Required action: Output the data below exactly, images excluded.

Data shown:
::::::

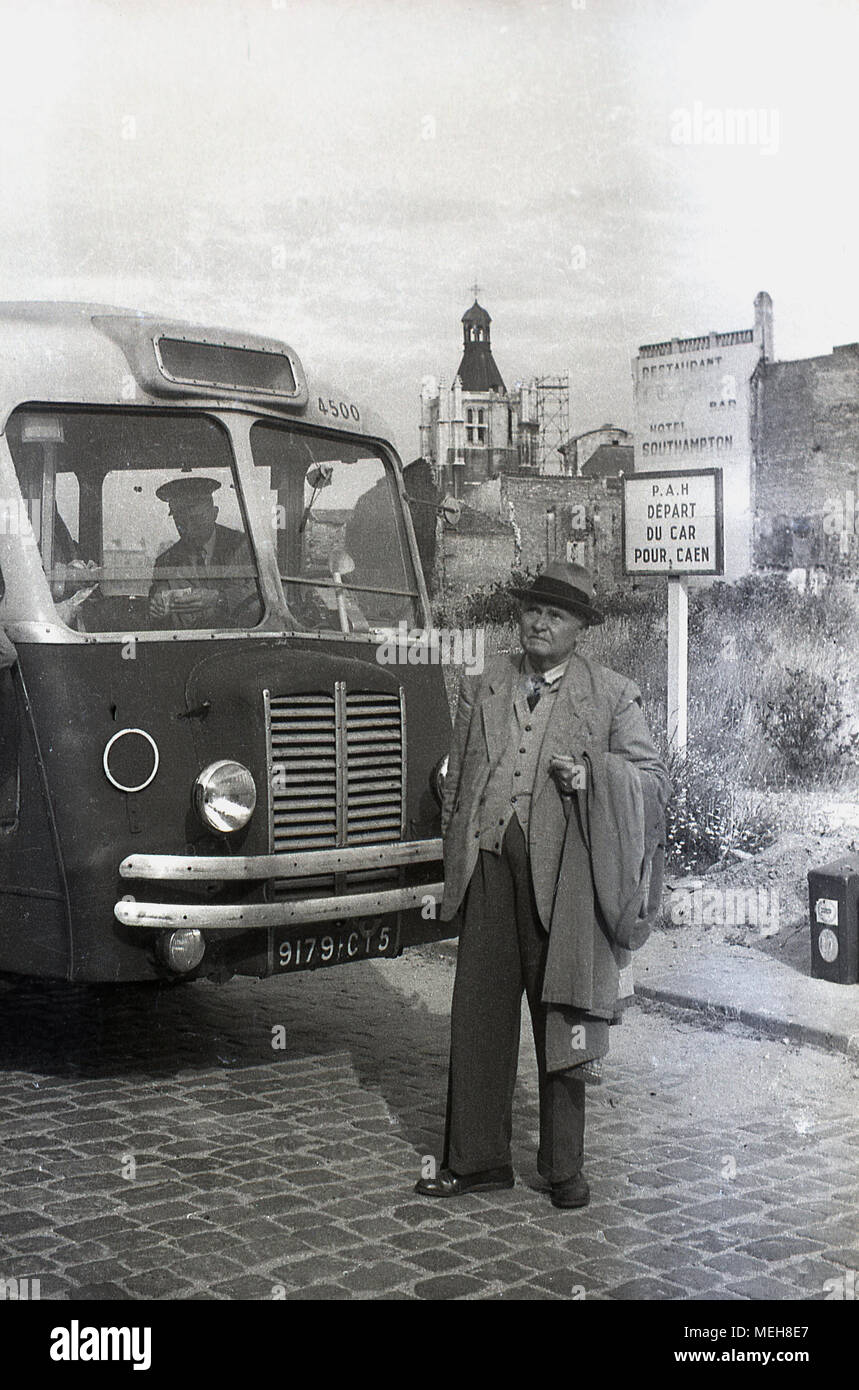 1950s, historical picture, a well-dressed elderly gentleman traveller with hat and coat waiting at Le Havre to board a bus to Caen, Normandy, France. Stock Photo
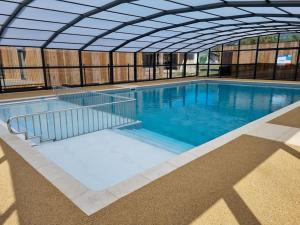 a large swimming pool with anolean at La cabane 27 ~ Chalet cosy au bord du lac de Peyre in Labouheyre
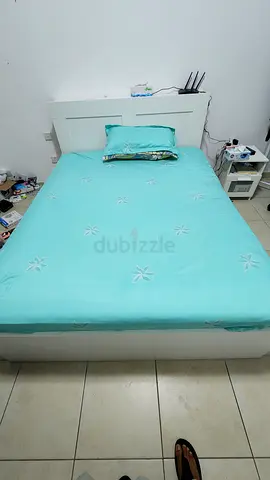 Single white wooden bed frame with mattress and turquoise bedding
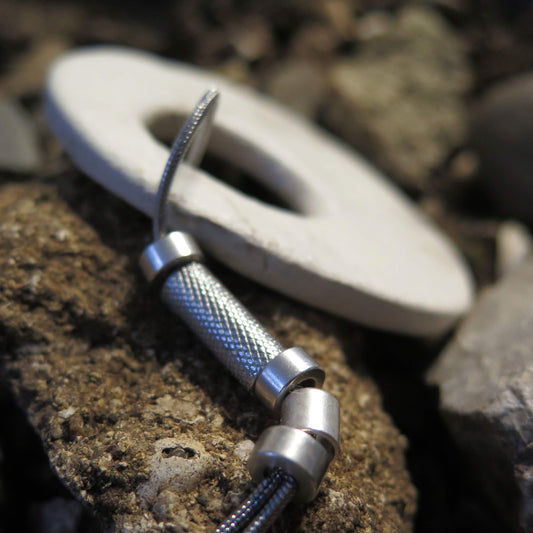 Eclipse stone with silver dust on adjustable length silver snake chain necklace with bar pendant ends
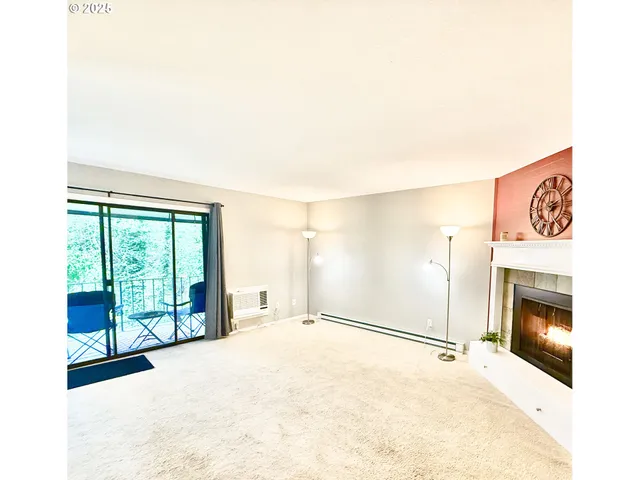 a view of an empty room with a fireplace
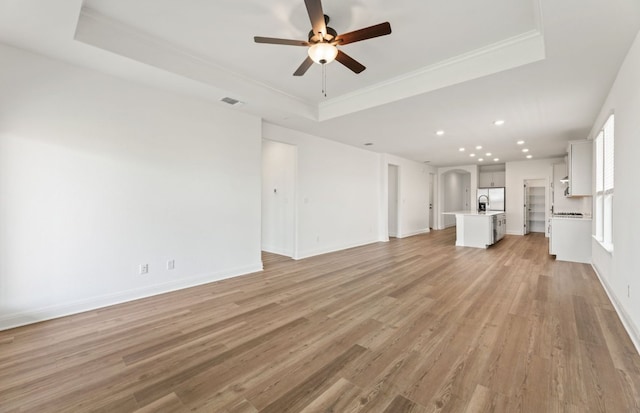 417 Singing Dove Way, Liberty Hill, TX 78642 - unfurnished living room with a raised ceiling, ceiling fan, recessed lighting, light wood finished floors, and ornamental molding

::::::

Response area:
 1950s, historical picture, a well-dressed elderly gentleman traveller with hat and coat waiting at Le Havre to board a bus to Caen, Normandy, France. Stock Photo
 a large swimming pool with anolean at La cabane 27 ~ Chalet cosy au bord du lac de Peyre in Labouheyre
 Single white wooden bed frame with mattress and turquoise bedding
 Eclipse stone with silver dust on adjustable length silver snake chain necklace with bar pendant ends
 a view of an empty room with a fireplace
 417 Singing Dove Way, Liberty Hill, TX 78642 - unfurnished living room with a raised ceiling, ceiling fan, recessed lighting, light wood finished floors, and ornamental molding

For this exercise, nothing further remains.